The elections are to run from Dec. 21 to March 20 next year. During that time the administration will maintain communication with the various sports bodies and provide assistance whenever needed.

LT: What is the cause of the resistance you are encountering? Is it due to a backlash from the associations or for allowing outsiders to be involved?

Lin: I previously acted as chairman of the Sports Affairs Council [now the Sports Administration]. I have really come to understand national sports in Taiwan over the past 10 years, especially the associations. If you suddenly change the way association heads are elected, it is unavoidable that you will encounter some problems, but reform is not about exposing and criticizing, and it is not about targeting anyone.
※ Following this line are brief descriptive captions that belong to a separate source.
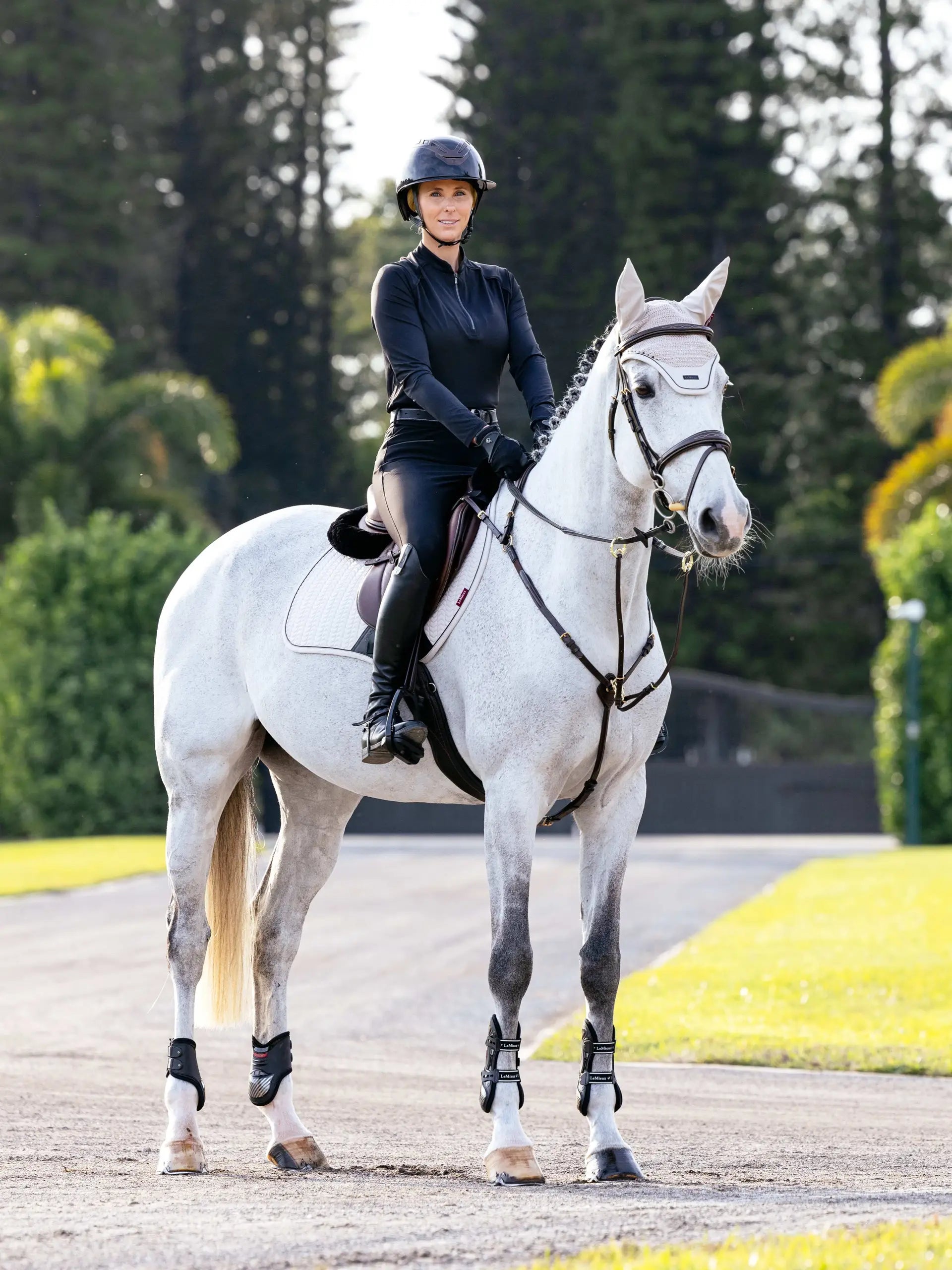 Equestrian elegance: Woman riding a grey horse wearing LeMieux gear. Shop now!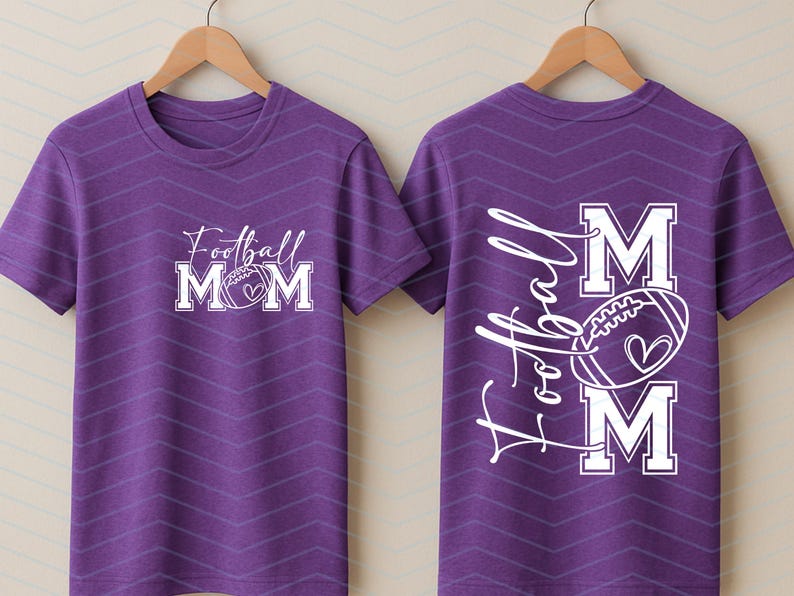 May include: Purple t-shirt with a white graphic that says "Football Mom" with a football and heart design. The back of the shirt has the words "A Football Mom" with a football and heart design.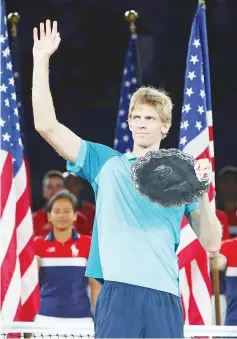  ??  ?? Kevin Anderson of South Africa poses with the finalist trophy during the trophy ceremony after their Men’s Singles Finals match on Day Fourteen of the 2017 US Open at the USTA Billie Jean King National Tennis Center on September 10, 2017 in the...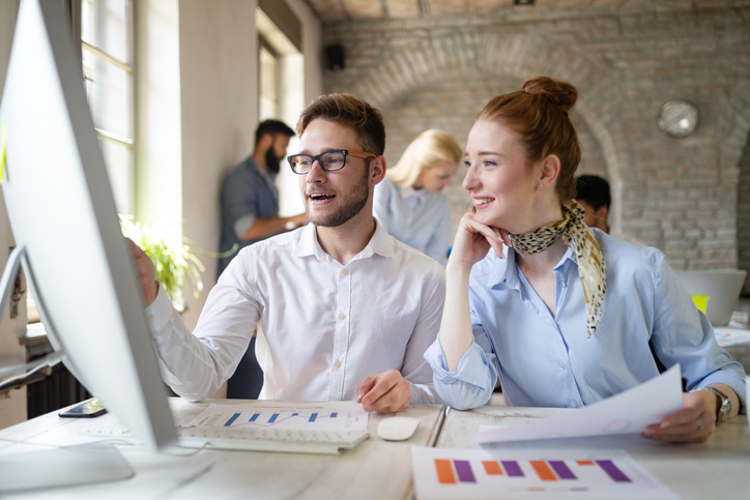 A VP of marketing sits at a desk and works on a project with a coworker.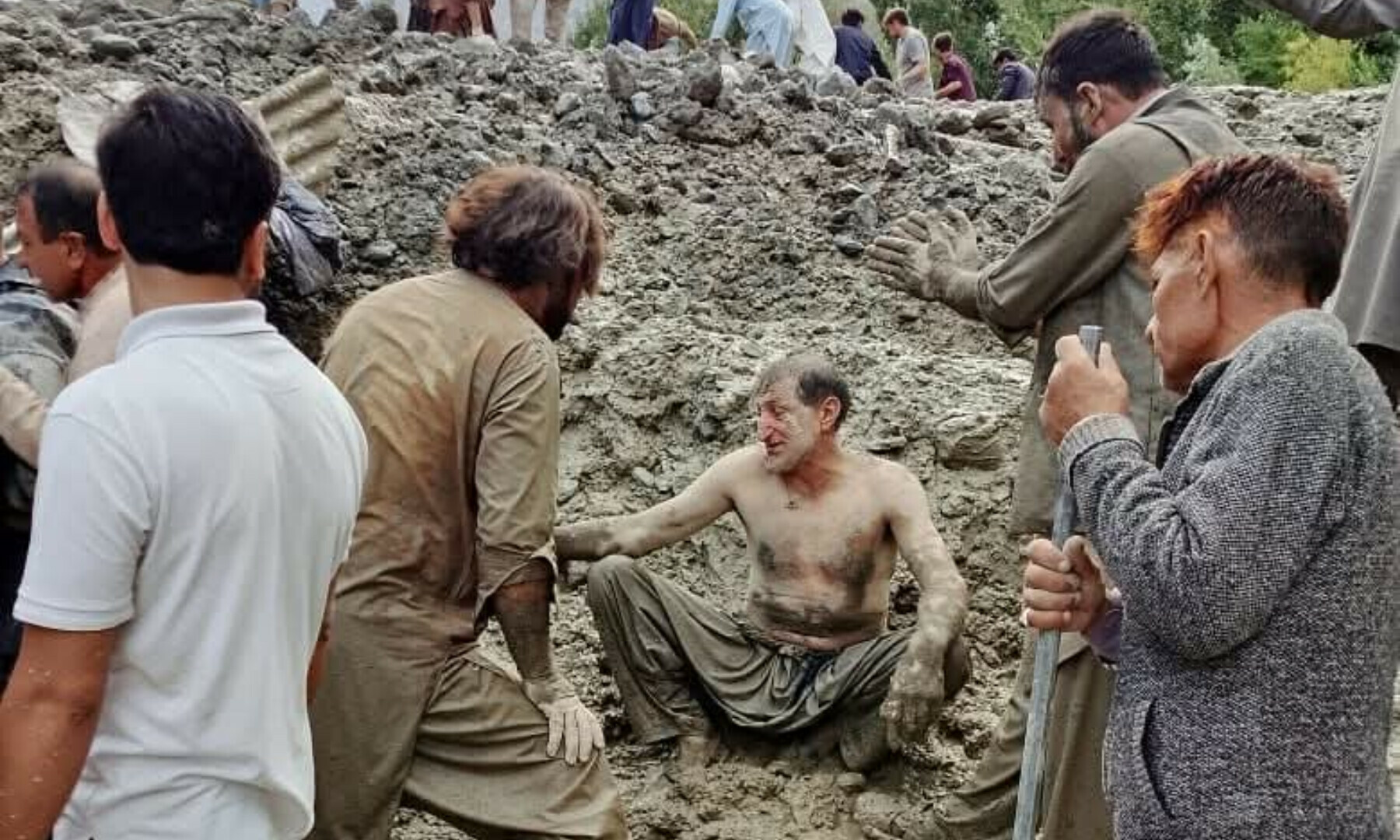  A flood-affected person sits as people gather around following flash floods in GB’s Ghizer on Aug 15, 2025. — Jamil Nagri 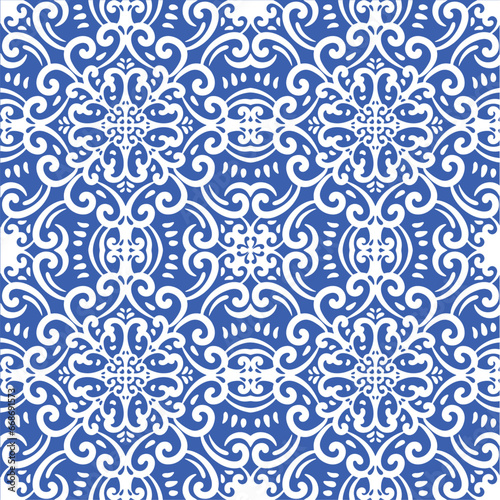 Pattern blue and white. Winter decor, snowflakes,christmas decor. Seamless pattern tile with Victorian motives.Ceramic tile in talavera style. Ornamental blue and white patterns for any decor.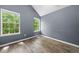 Bedroom featuring wood floors, two windows with outdoor views, and gray colored walls at 503 Fable Ln, Canton, GA 30114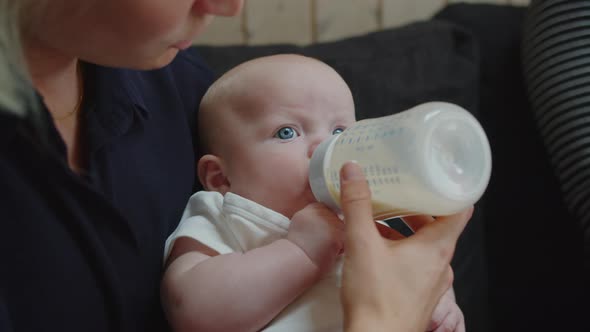 Blue Eyed Baby Girl Feeding From Bottle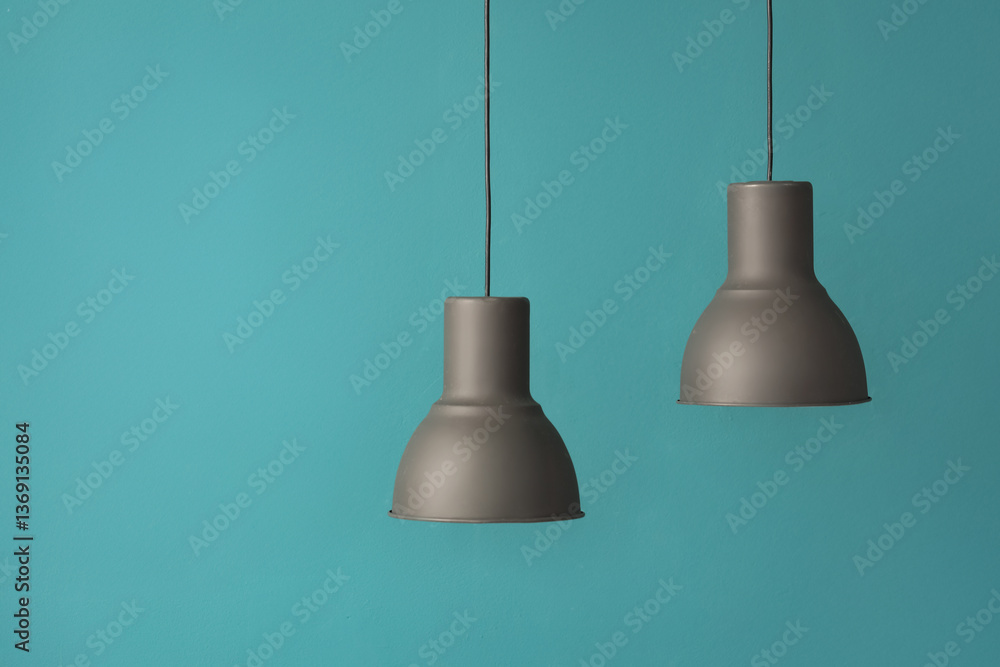 Black modern pendant lamps on blue background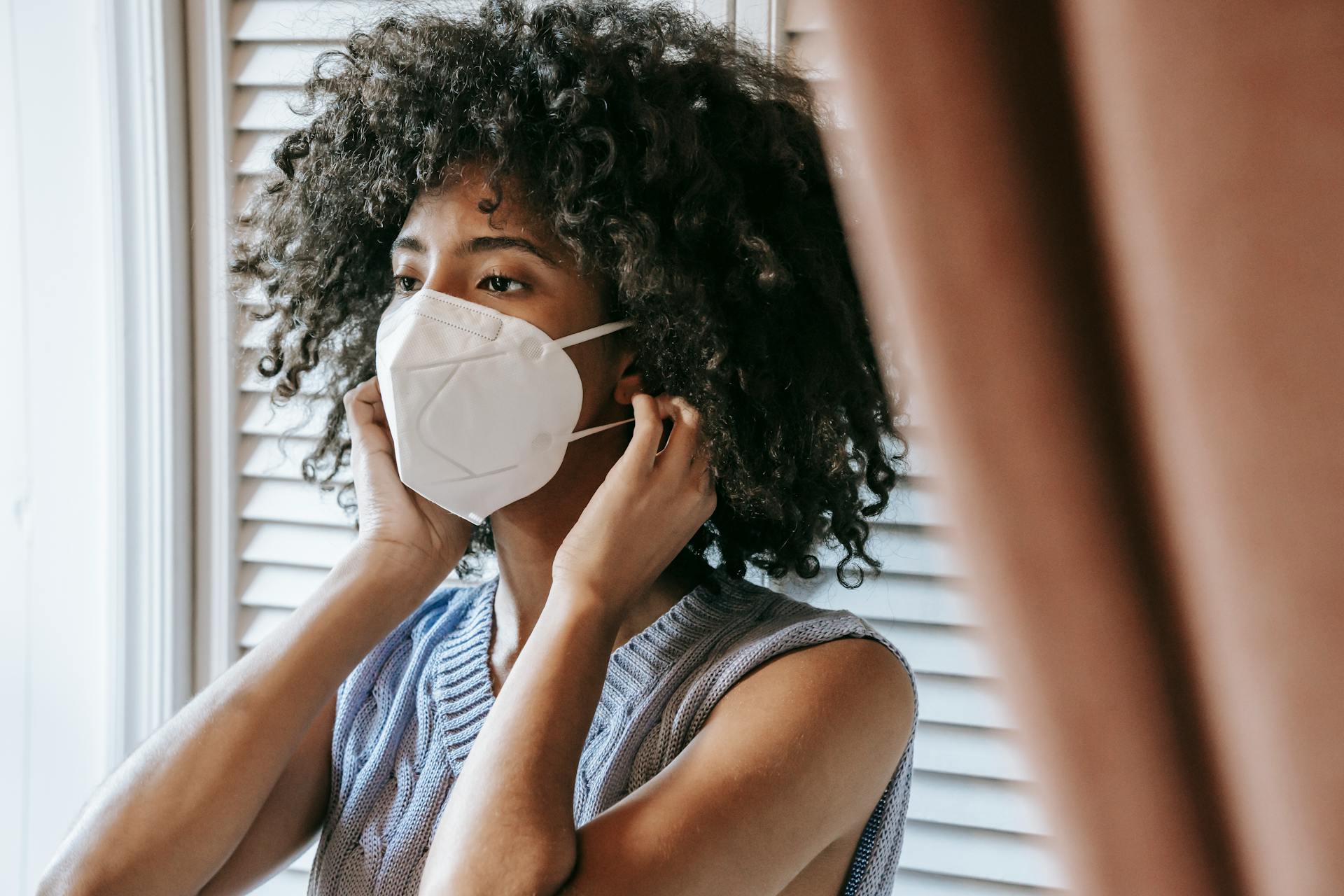 Ethnic woman putting on protective mask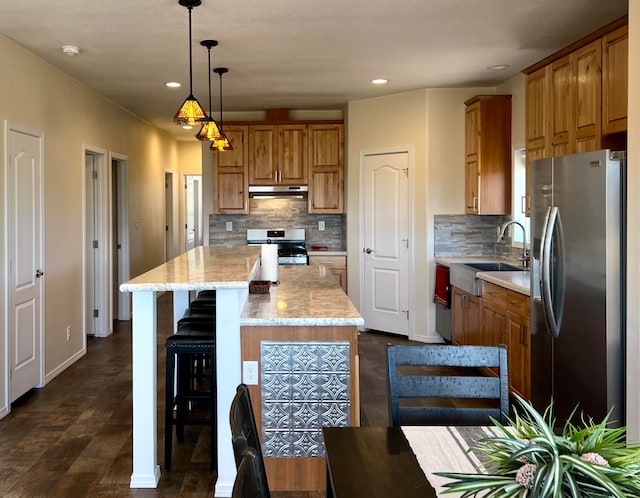 kitchen featuring sink, stainless steel appliances, light stone counters, decorative light fixtures, and a kitchen island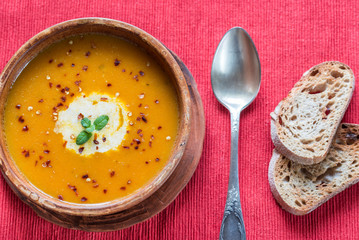 Bowl of spicy pumpkin cream soup: top view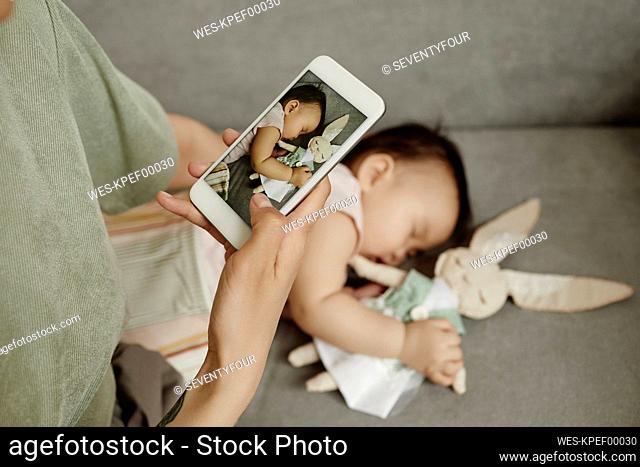 Mother taking picture of daughter sleeping at home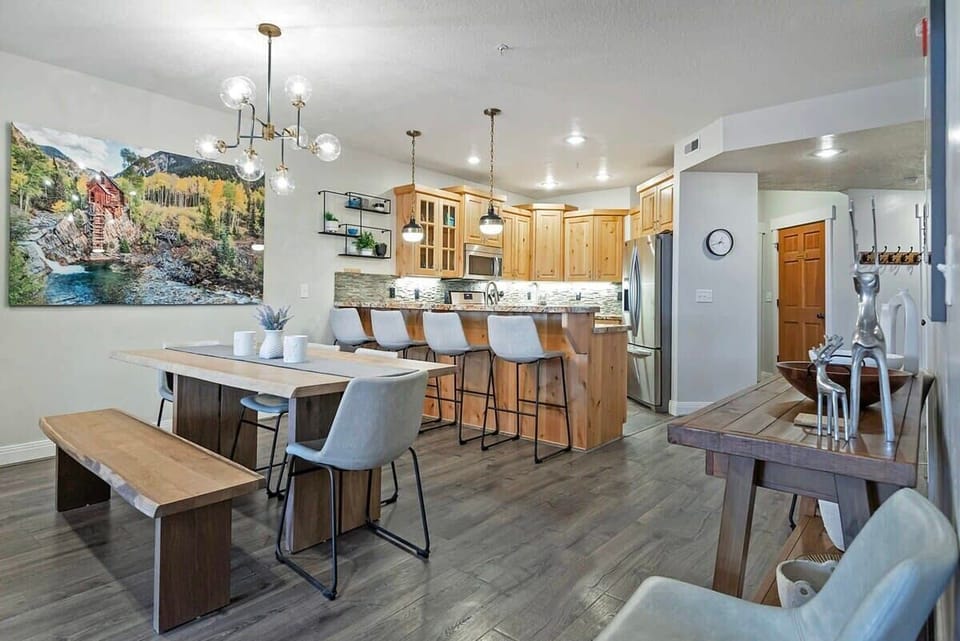 The stylish dining room features a table with seating for six conveniently located next to the kitchen where you will find a kitchen bar with additional seating for four.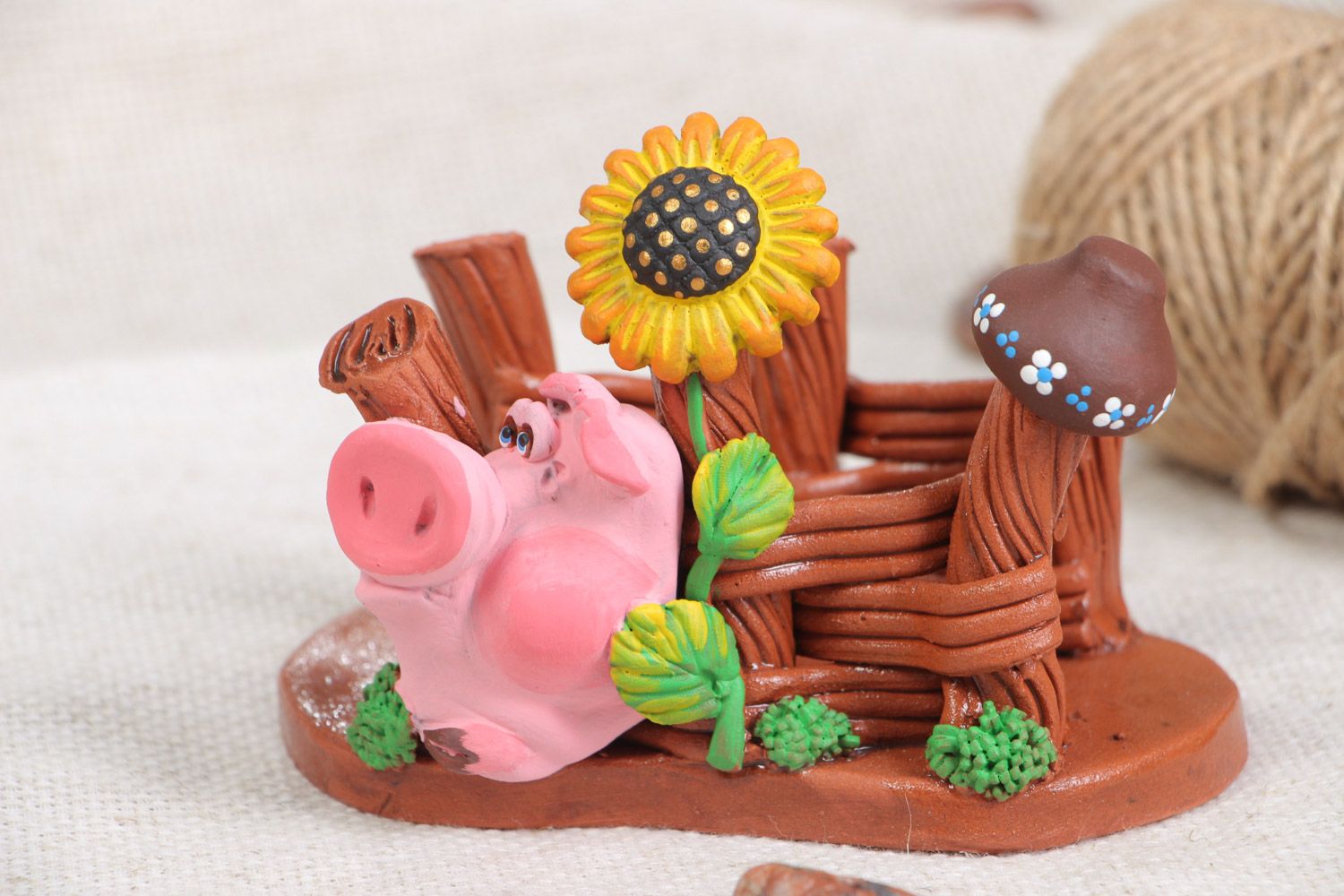 Handmade decorative ceramic napkin holder in the shape of a pig and a fence photo 1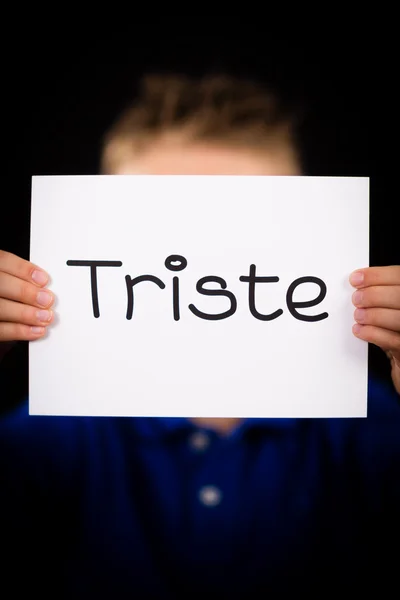 Child holding sign with Spanish word Triste - Sorry — Stock Photo, Image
There might be some associations that do not understand this, but on the technical side of things we can provide assistance.

Some associations might feel deeply wronged and might feel that the more energy they invest, the more they are resented. If we open up and reform the whole organization and things change for the better, is it not a win-win situation?

LT: Will the elections affect the nation’s readiness for and performance at the Asian Games in Jakarta in August next year?

Lin: There is nothing to worry about — the selection of the athletes will not be affected. Just like if you change a director-general, the government department does not change overnight.

The training of athletes is handled by the administration and the National Sports Training Center. Some people are worried that the elections will affect the athletes’ morale, but let us be optimistic — maybe it will raise their spirits.